UTC's enrollment is now at more than 11,600, and the start of a new school year brings varying impacts to downtown businesses.
But generally, local college students are a sought-after customer group that helps support the downtown economy.
"The dollars our students spend and the energy they provide to downtown boosts the economic impact tenfold, compared to downtowns that do not have a downtown school or university," Tiffanie Robinson, director of creative strategy at River City Company, said via email.
For the past five years, officials with downtown economic development company River City Company have been working to get students engaged with downtown businesses and activities.
There have been periods of time when students have seemed sequestered to campus, but as the downtown has grown and as more affordable, off-campus housing options have started to pop up, students are making the downtown part of their daily routines more and more, Robinson also said.
River City leaders work with UTC officials to host pep rallies in Miller Plaza. They encourage downtown companies to take on UTC interns and give local businesses supplies to decorate windows in blue and gold for game days, Robinson said.
Community Pie, which is a restaurant near Miller Plaza, currently has UTC colors donning its windows.
Mike Monen, who—along with this wife, Taylor, owns restaurants Community Pie, Urban Stack, Taco Mamacita, and Milk and Honey—said that it is difficult to gauge the impact of UTC students on his businesses, especially at this time of year.
For a few weeks after school is back in session, restaurants actually see a slowdown, he said.
He attributes this to everyone getting back in a school routine. For a couple of weeks, people seem to go out to restaurants less, he said.
That lasts about three or four weeks, and then business picks back up again.
"You see this decrease, so it's hard to measure an increase," he said.
Community Pie is a relatively new restaurant and hasn't been around in past years, but UTC students do frequent his other restaurants and provide a good amount of business.
The Monens also employ a lot of UTC students and offer all students discounts. Students with a valid UTC ID get 10 percent off at all the Monens' restaurants.
"We understand that they are on strict budgets," he said, adding that he remembers what it was like to be a college student with limited spending ability.

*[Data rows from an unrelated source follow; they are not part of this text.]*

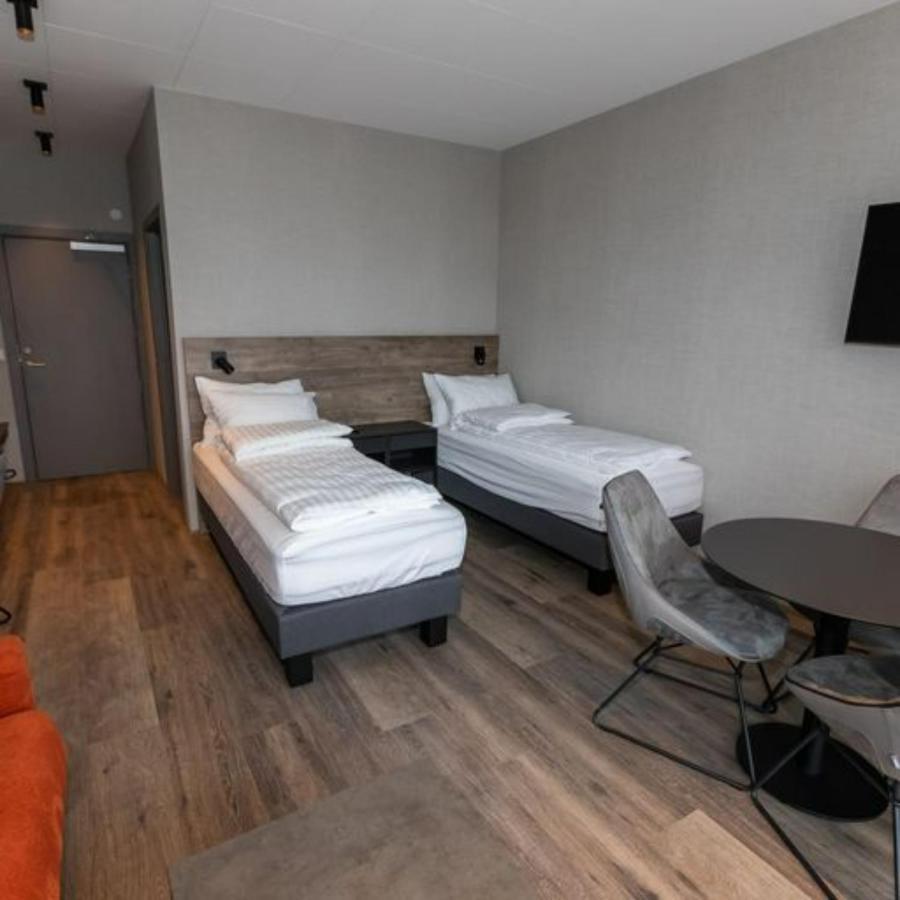 אקורירי Hotel Halond מראה חיצוני תמונה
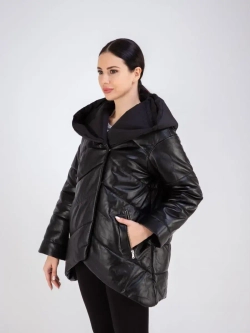 Куртка женская кожаная утепленная оверсайз с капюшоном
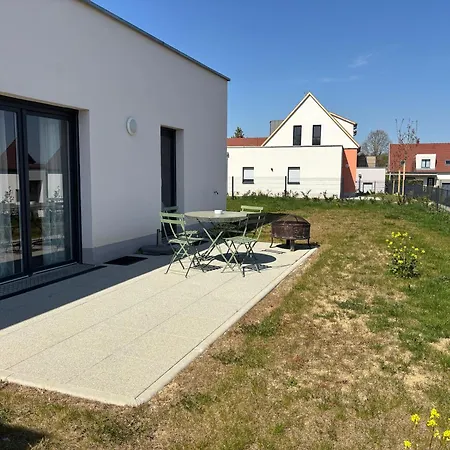 L'isenciel - Maison De Plain Pied Avec Jardin Et Parking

President of Chattanooga's First Tennessee Bank Keith Sanford said he sees an increase in business when UTC students come back because many of them open accounts.
"We see most of them in late August, a few in January and a few in May," he said via email.
First Tennessee has an ATM at UTC's campus to help draw students to the bank, and Sanford said students spend money downtown on rent and food now even more than in the past, when UTC was more of a commuter school.
First Tennessee officials also decorate the bank's lobby with UTC colors to celebrate the start of a new school year, he said.
North Shore resident and business owner David Smotherman said his shop—Frazier Avenue’s Winder Binder Gallery and Bookstore—doesn't get a huge sales boost from UTC students, but he definitely can tell when school is back in session.
There is more foot traffic on the North Shore, he said. And he's heard from employees at the Frazier Avenue Walgreens that UTC students do frequently shop there.
Walgreens representatives didn't return a request for an interview.
"In general, there's an uptick on the North Shore when school is in session," he said.